Ao comentar o título do Sl 30 (Psalmus David ecstasis), santo Agostinho diz que ecstasis pode significar medo. Mas Cristo, que não tinha pecado, não pode ter tido medo da morte. Ele, então, assume o medo da morte voluntariamente e exprime-o aí em sua oração por nós diante de Deus,[5] personificando-nos em si.[6]
A Igreja pode rezar esse salmo porque ela entra na oração do Cristo [7] mediante um processo de “transformação” em Cristo; porque, ao rezar as palavras de Jesus por nós, aprendemos a humildade, confiando-nos a ele ao expressar nossas debilidades. Nós entramos na salvação dada por Cristo a nós, pois ele não desdenhou assumir a natureza humana nem assumir-nos em si e transfigurar-nos em si.[8]
A segunda dificuldade de rezar com um salmo surge quando ele não “concorda” conosco: como rezar um salmo em que as palavras são aplicáveis somente ao Cristo?
No Sl 85, por exemplo, lemos: “Guarda minha alma, porque sou santo”. As palavras “sou santo” podem pertencer somente a Cristo, já que somos pecadores. Os membros, em si e com base em si mesmos, não podem dizer tais palavras sem incorrer em orgulho. Como Cristo total, porém, a Igreja pode usar tais palavras como suas.

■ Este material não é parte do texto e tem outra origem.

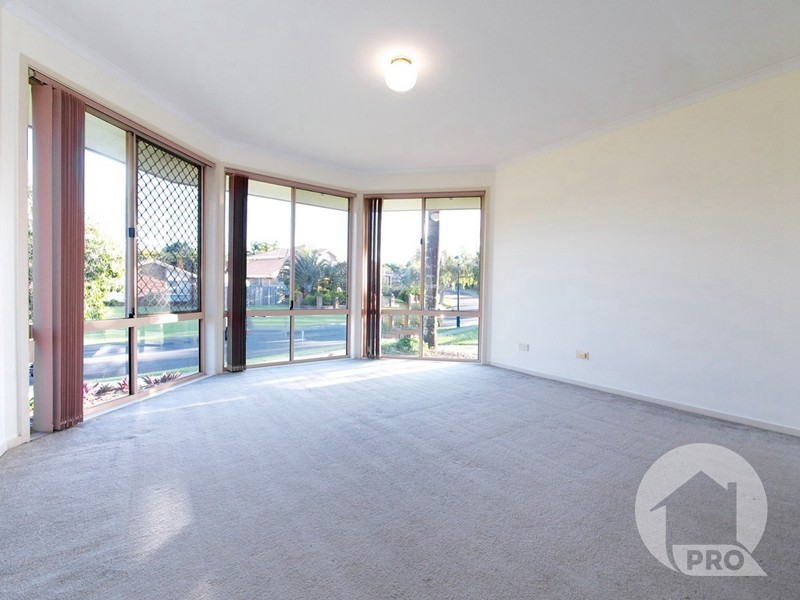 15 Daffodil Crescent, Calamvale QLD 4116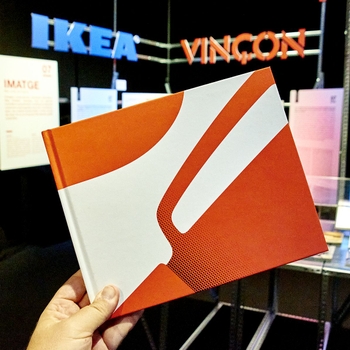 Imatge de la coberta del llibre '100 objectes d’IKEA que ens hagués agradat tenir a VINÇON'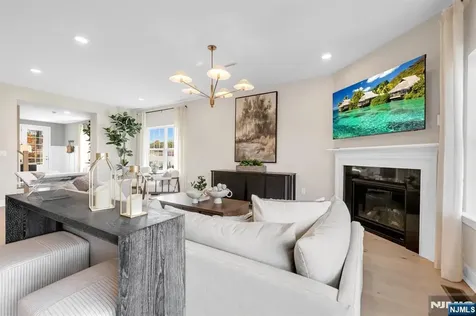 14 Belmont Place Oakland NJ 07436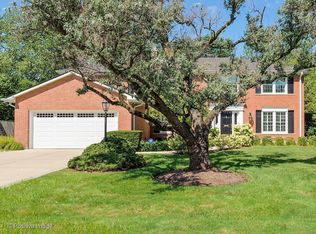 2S020 Taylor Rd, Glen Ellyn, IL 60137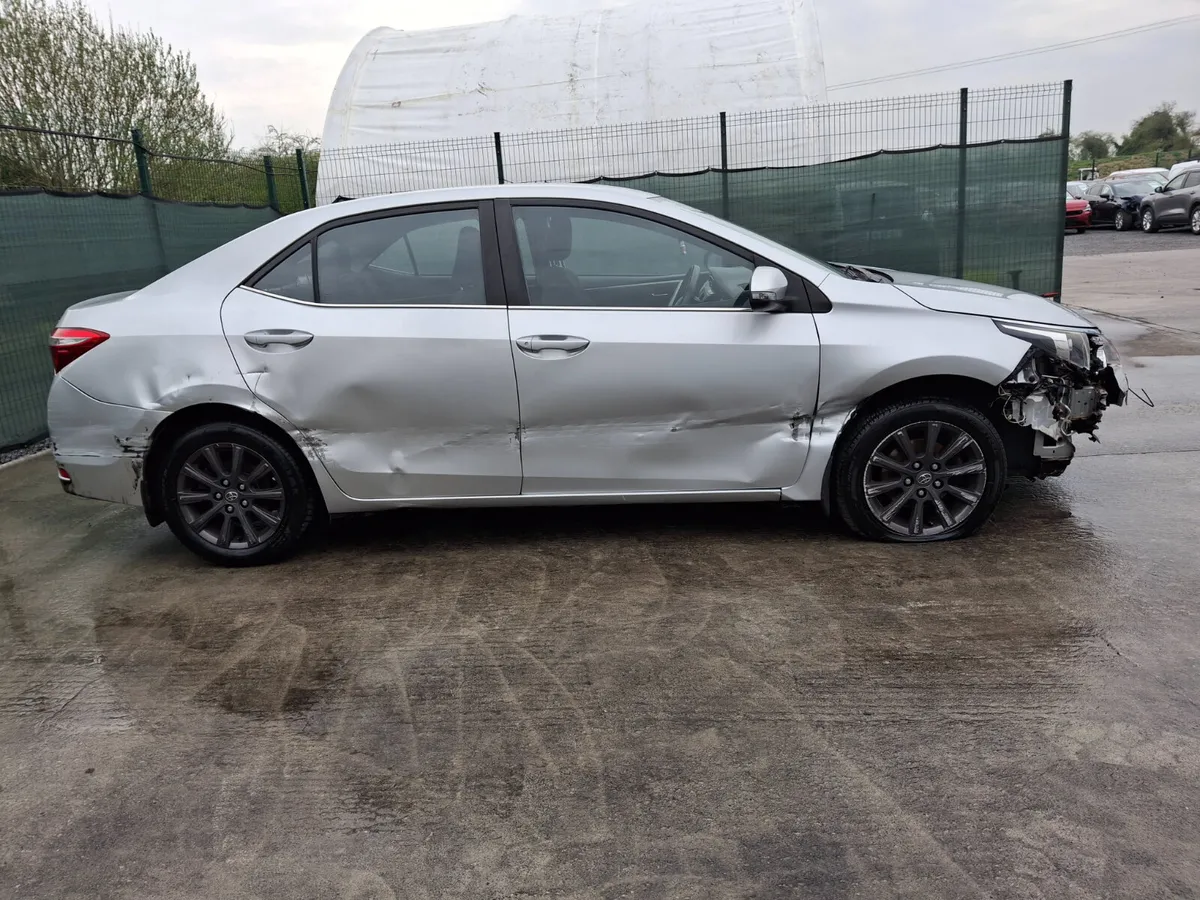 152 Toyota Corolla  1.4 D4D - Image 3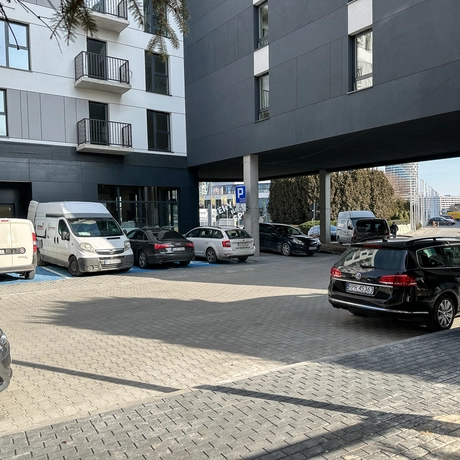Rzeszów - Capital Towers Residence przy skrzyżowaniu ulic Lenartowicza i Podpromie [luty 2025] - fot 23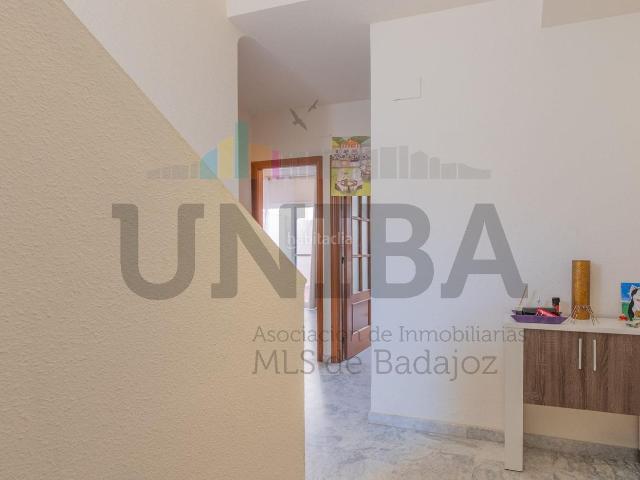 Casa adosada en venta en Badajoz, Ciudad Jardín. ADOSADO EN CIUDAD JARDÍN UNA ZONA QUE SIGUE MARCANDO TENDENCIA. Casas adosadas.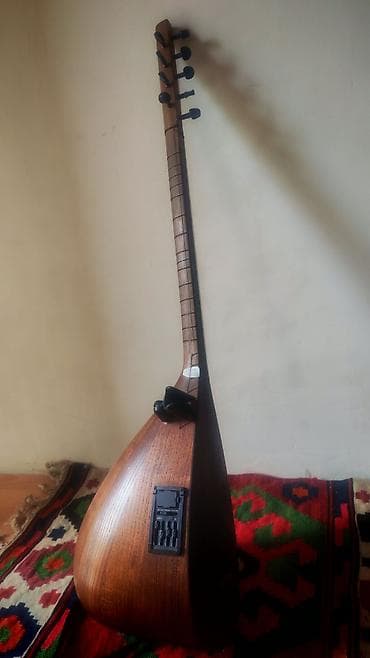 şur mikrafon: Elektro bağlama/saz – akustik-elektrik xalq çalğı aləti Sahib ustanın — 1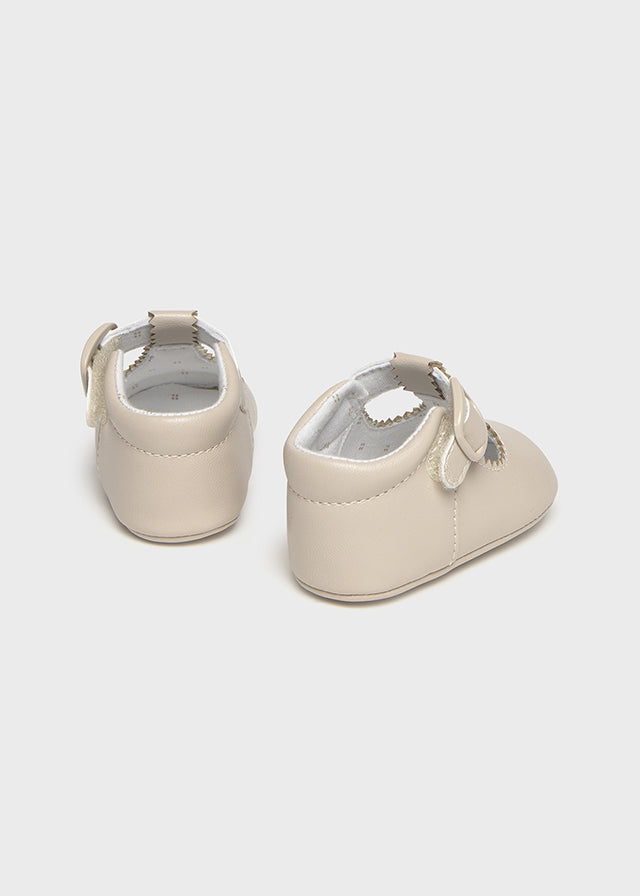 Mayoral boys beige linen pram shoes 9082 - alternate view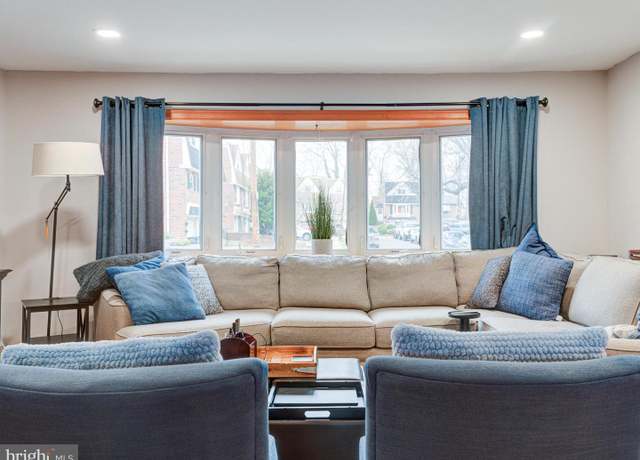 Property at 15079 London Rd, Philadelphia, PA 19116, 3 beds, 2.5 baths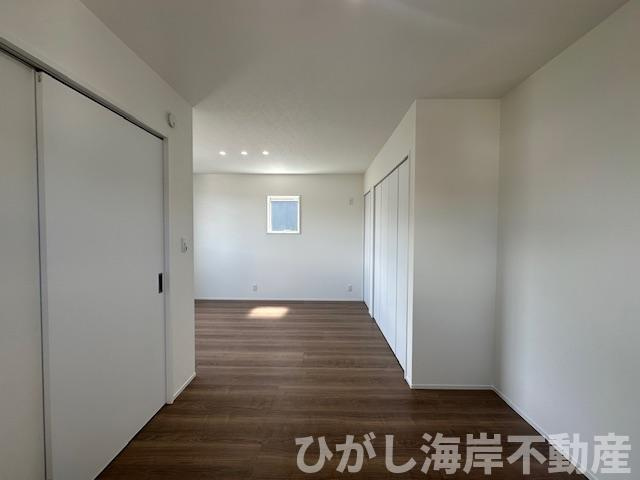 鎌倉市材木座3丁目　新築戸建　全２棟の内装|10.8帖　洋室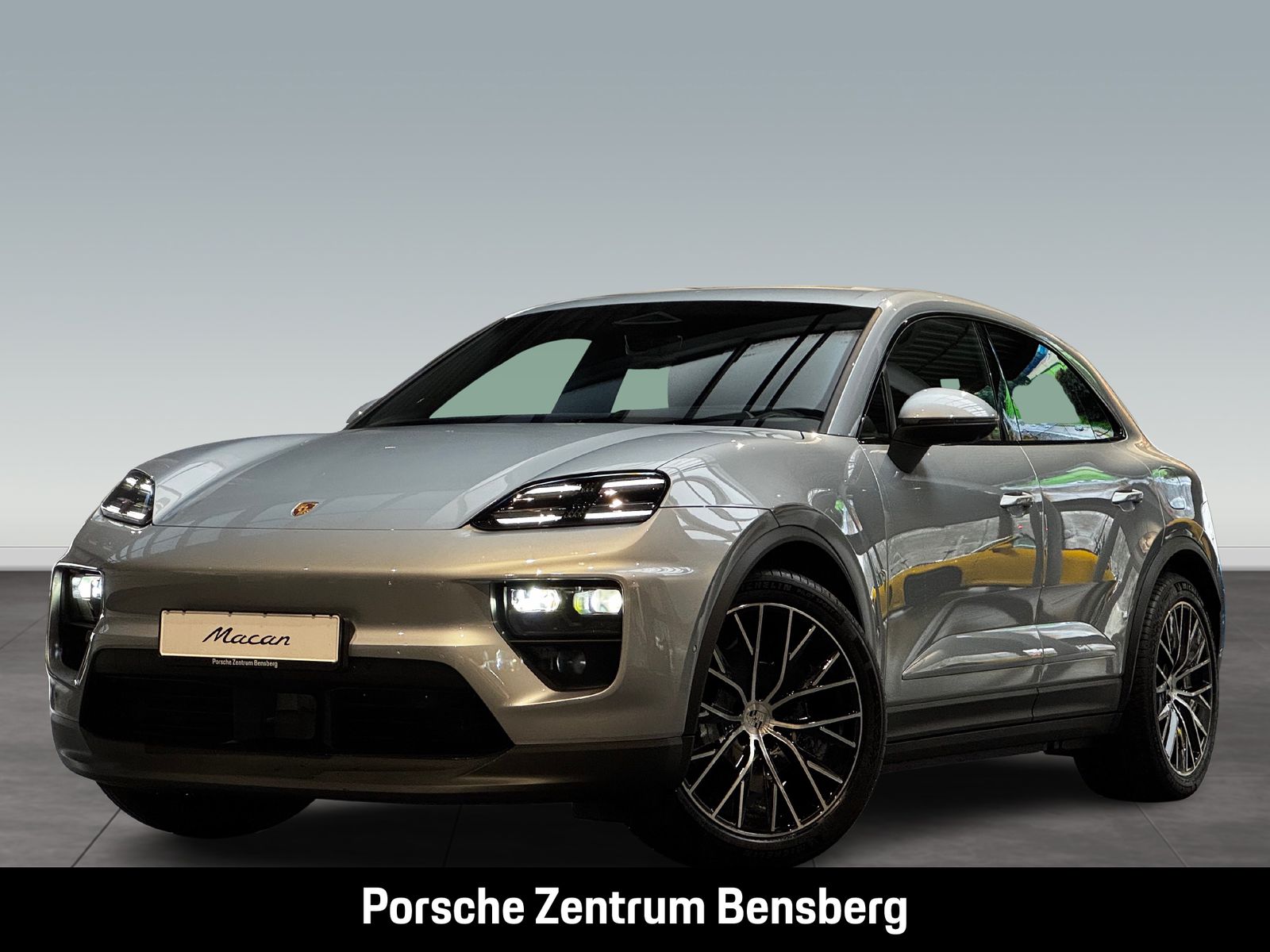 Porsche Macan Electric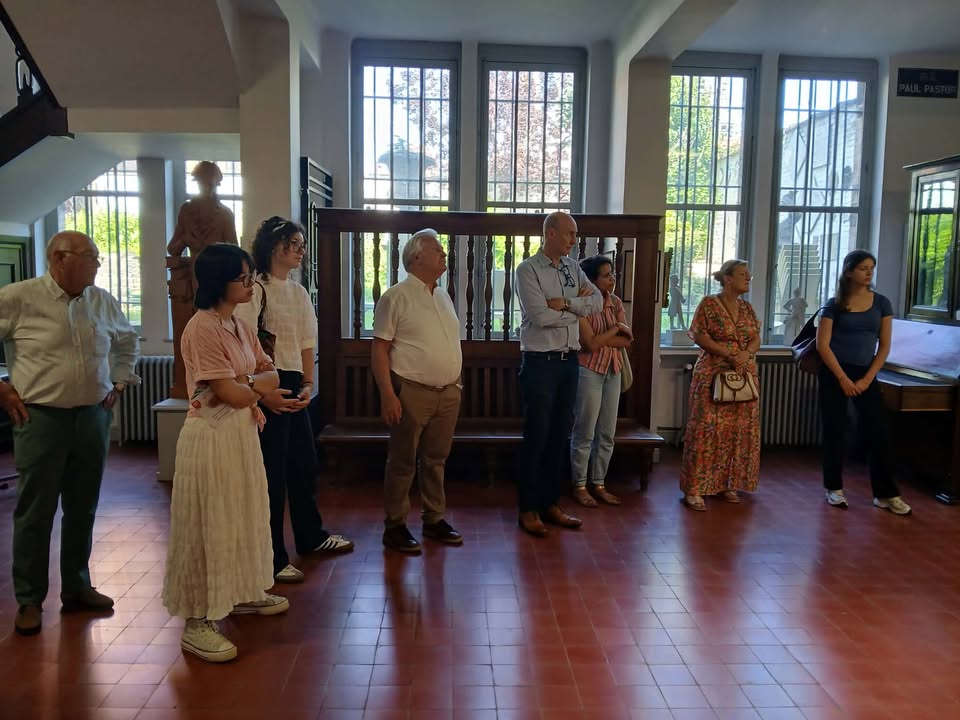 Prix de néerlandais pour Zélie en 6e année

De fato, mesmo que essas palavras do salmo, nas quais se ouve, certamente, a voz do Cristo, fossem ditas por apenas um fiel ainda neste mundo, tal fiel as pronuncia com sua Cabeça e sob sua Cabeça, isto é, com Cristo e sob Cristo, e as pode dizer por ter recebido dele a graça da santidade, a santidade do batismo.[9]
Somos salvos em Cristo e, por ele, somos resgatados do pecado. A voz da Igreja pode, então, assumir a voz de Cristo porque ele escolheu inserir-nos em si mesmo. Ao rezar com os Salmos, é preciso lembrar que não se reza unicamente como indivíduos, mas como Igreja, como corpo, e não um corpo qualquer, mas, sim, corpo de Cristo.
[1] Cf., por exemplo, Epistula 137,3,9.
[2] Cf. M. Reveillaud. “Le
Christ-Homme, Tête de L’Église”. Recherches
Augustiniennes, Paris, nº 5, 1968, p. 69.
[3] M. Fiedrovicz.
“General introduction”, in: Exposition on the Psalms 1-32.
New York, 1999, p. 53.
[4] Comentário aos Salmos, 30,4.
[5] C. Straw. “Timor
Mortis”, in: A. Fitzgerald. Augustine through the ages:
an encyclopedia. Grand Rapids: Eerdmans, 1999, p. 841. Cf. também R. Dodaro.
“Christus Iustus” and fear of death in the dispute with Peagius. Signum Pietatis, Wurzburg, 1989, pp. 341-359.
[6] Comentário
aos Salmos, 30,3.
[7] Cf. B. Daley. “Is
patristic exegesis still usable? Reflections on early Christian interpretation
of the Psalms”. Communio, nº 29, 2002, pp. 209-211.
[8] Cf. Comentário aos Salmos, 30,3.
[9] Cf. Comentário aos Salmos, 85,2.